How CAMFED is Keeping Young Girls in School
CAMFED (Campaign for Female Education), a nonprofit providing unprecedented opportunity to young girls in the sub-Saharan regions of Africa, emerged in 1993. According to a study by the World Literacy Foundation in 2015, of the 781 million illiterate people around the world, two-thirds of the people within that total are women. CAMFED is an organization working on keeping young girls in school by helping alleviate the financial burdens of families that want to give their daughters education but may not have the means to.
Upon the organization’s origin in Zimbabwe, it provided financial support for 32 girls, inevitably keeping young girls in school. The initial purpose of the nonprofit was to showcase that if poverty was no longer an obstacle, the cultural norms would become nonexistent, and girls would attend school alongside boys if given the opportunity. This purpose still lies at the forefront of the nonprofit’s premise and has helped it grow exponentially over the past 26 years.
As of 2019, CAMFED has already supported 3.3 million girls in school across sub-Saharan Africa, with nearly 6 million benefiting from an improved educational environment.
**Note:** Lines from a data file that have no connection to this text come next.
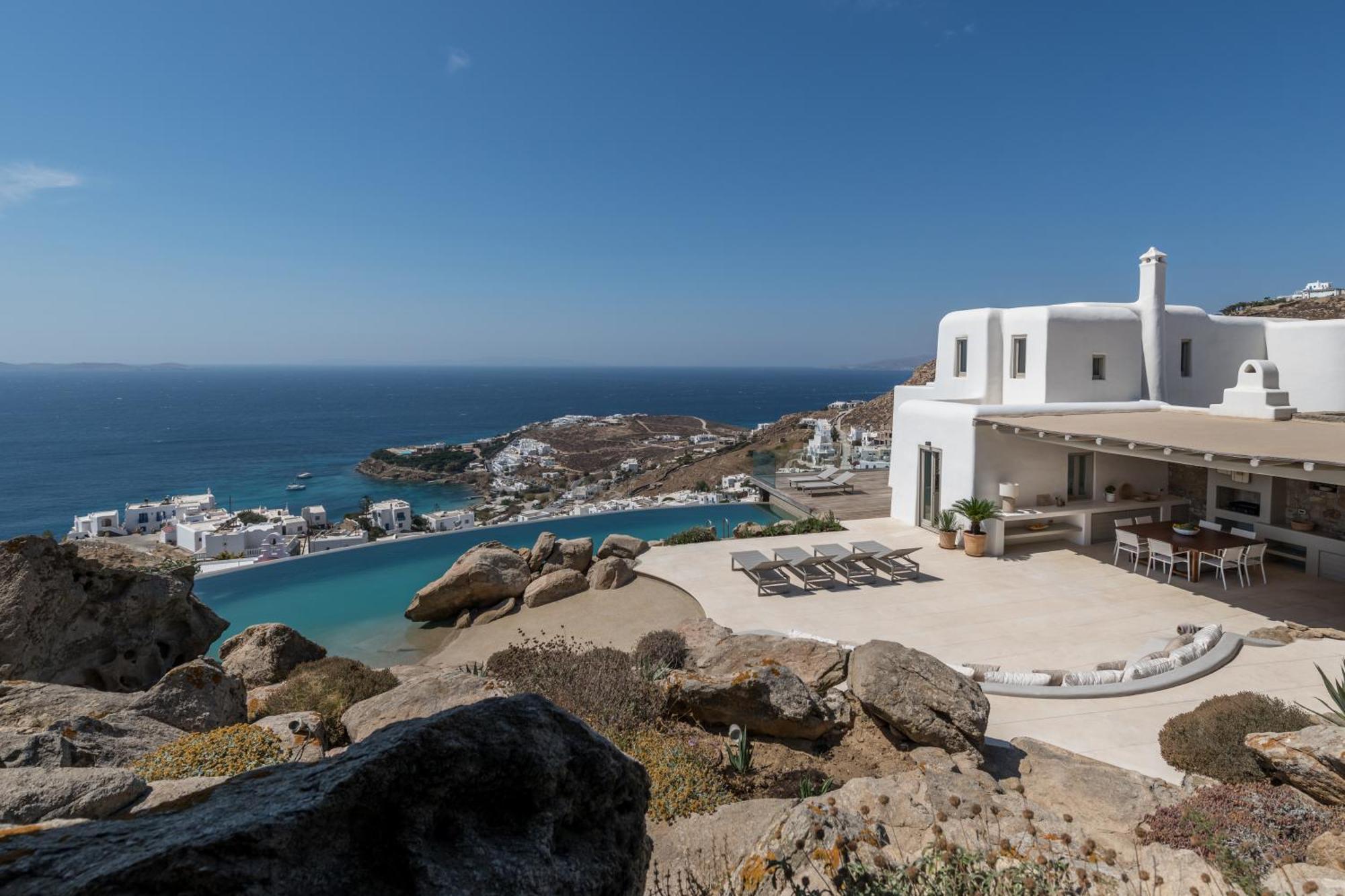 Roccia - Mg Mykonos Villa Mykonos Town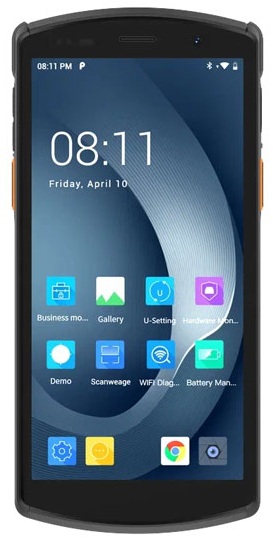 

Терминал сбора данных Urovo DT50S 2D SE2030W SR/AND13/WIFI/BT/4G/4GB/64GB/6-KEY, DT50S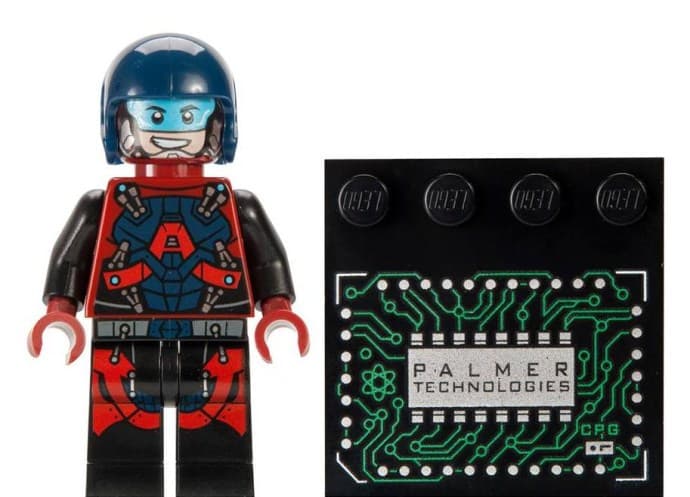 LEGO sættet ATOM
It supported approximately 52,700 children through primary school just in 2018 alone, in addition to the 64,700 supported through secondary schools. The girls’ communities choose them to become a part of the program because they know better than anyone which girls are the most vulnerable and deserving of the organization’s help.
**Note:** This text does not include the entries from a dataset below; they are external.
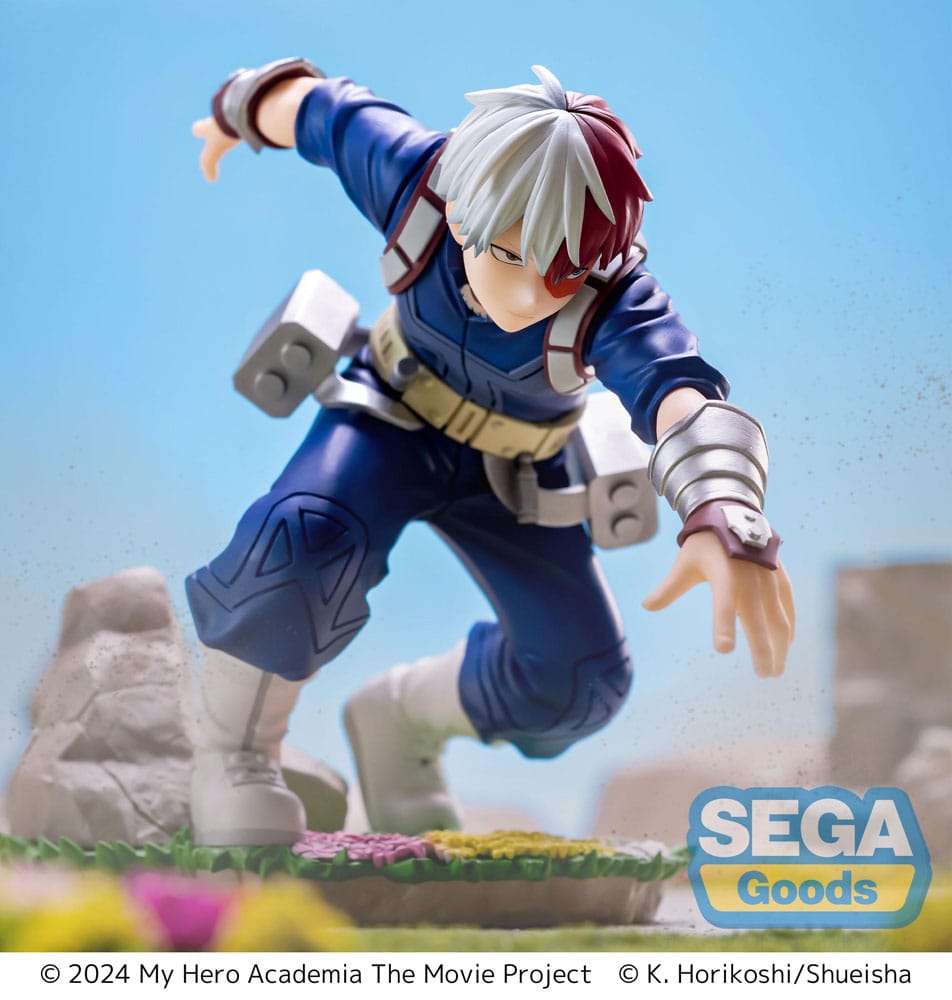 My Hero Academia: You´Re Next Xross Link Anime PVC Statue Shoto Todoroki 12 cm - M 4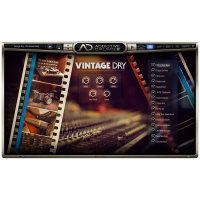 XLN Audio Vintage Dry 드럼 가상악기 엑스엘엔오디오 빈티지드라이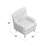Lokendra Upholstered Armchair-1063069995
CAMPED’s work extends far beyond the realm of the classroom, however. It provides uniforms, school supplies and sanitary products to support each girl to the full extent that it can. The organization is unique in the sense that it personally invests in the welfare and success of each girl that it takes under its wing. The organization also helps the girls find jobs upon graduation, and while a majority of the women have gone on to become teachers or doctors, many have started their own businesses. The girls that were a part of the first group still involve themselves in the organization and have founded the CAMA alumnae network, which now has grown to 138,000 members. It is a way for them to mentor young women and advocate for the program that changed their lives for the better.
CAMFED and Michelle Obama
The organization is primarily internationally based and has offices in the U.S.A, Canada and the United Kingdom. It receives most of its funds from various government contributions and large statutory organizations, but also receives support from individuals. In October 2018, former first lady Michelle Obama welcomed the CAMFED alumnae chapter, CAMA, to the Global Girls Alliance. It was her first major acquisition of a program that she made for the Obama Foundation and a momentous one for the nonprofit. The organization exists on the premise of the rights of women as grassroots leaders and the importance of keeping young girls in school to help alleviate the obstacles that a majority of women around the world are facing.